I'm trying to scrape all the content avilable after any b tag until the next b tag from a webpage. To let you visualize the whole picture, I'm attaching relevant html elements.

The following three are the content of b tags Job Description,This is an internship and Qualifications. So, when I go for any b tag, I will want to scrape anything between that specific b tag and the next b tag.

I've tried like this:

import requests
from bs4 import BeautifulSoup
from itertools import takewhile

link = 'https://filebin.varnish-software.com/tgmdhg8dp37tycmk/doc.html'

res = requests.get(link)
soup = BeautifulSoup(res.text,"lxml")
desc = [i.get_text(strip=True) for i in takewhile(lambda tag: tag.name!='b', soup.select("div > b:contains('Job Description') ~ *"))]
print(desc)

Output I'm getting:

['This job entails researching developing testing and deploying mechanical solutions.', '', 'Typical activities include:', '', 'Designing and developing thermal or mechanical tooling systems.', '', 'The ideal candidate should exhibit the following behavioral traits:', '', 'Work in a technically diverse environment-Adapt to changing requirements.Verbal and written communication.Project management.', '', 'This is an internship.', 'Qualifications']

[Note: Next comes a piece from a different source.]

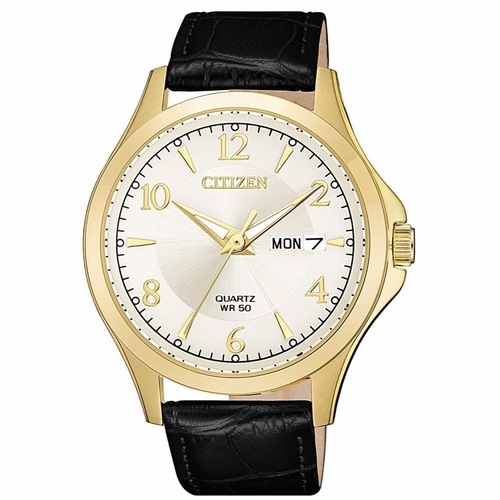 Citizen BF2003-25A  Mens Quartz Watch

Output I wish to get (kicked out the content of last two b tags):

['This job entails researching developing testing and deploying mechanical solutions.', '', 'Typical activities include:', '', 'Designing and developing thermal or mechanical tooling systems.', '', 'The ideal candidate should exhibit the following behavioral traits:', '', 'Work in a technically diverse environment-Adapt to changing requirements.Verbal and written communication.Project management.']

EDIT:

Here is another link for your test.

CodePudding user response：

Try this:

import requests
from bs4 import BeautifulSoup

link = 'https://filebin.varnish-software.com/tgmdhg8dp37tycmk/doc.html'
soup = BeautifulSoup(requests.get(link).text, "lxml")
desc = [
    i.strip() for i in soup.find_all(text=True)
    if i.strip() and i.parent.name != "b"
]
print("\n".join(desc))

Output:

This job entails researching developing testing and deploying mechanical solutions.
Typical activities include:
Designing and developing thermal or mechanical tooling systems.
The ideal candidate should exhibit the following behavioral traits:
Work in a technically diverse environment-Adapt to changing requirements.
Verbal and written communication.
Project management.

CodePudding user response：

This is supposed to work:

import requests
from bs4 import BeautifulSoup

link = 'https://filebin.varnish-software.com/tgmdhg8dp37tycmk/doc.html'

desc = []
res = requests.get(link)
soup = BeautifulSoup(res.text,"lxml")
for item in soup.select_one("div > b:contains('Job Description')").find_all_next():
    if item.name=="b": break
    desc.append(item.get_text(strip=True))

print(' '.join(desc[:-1]))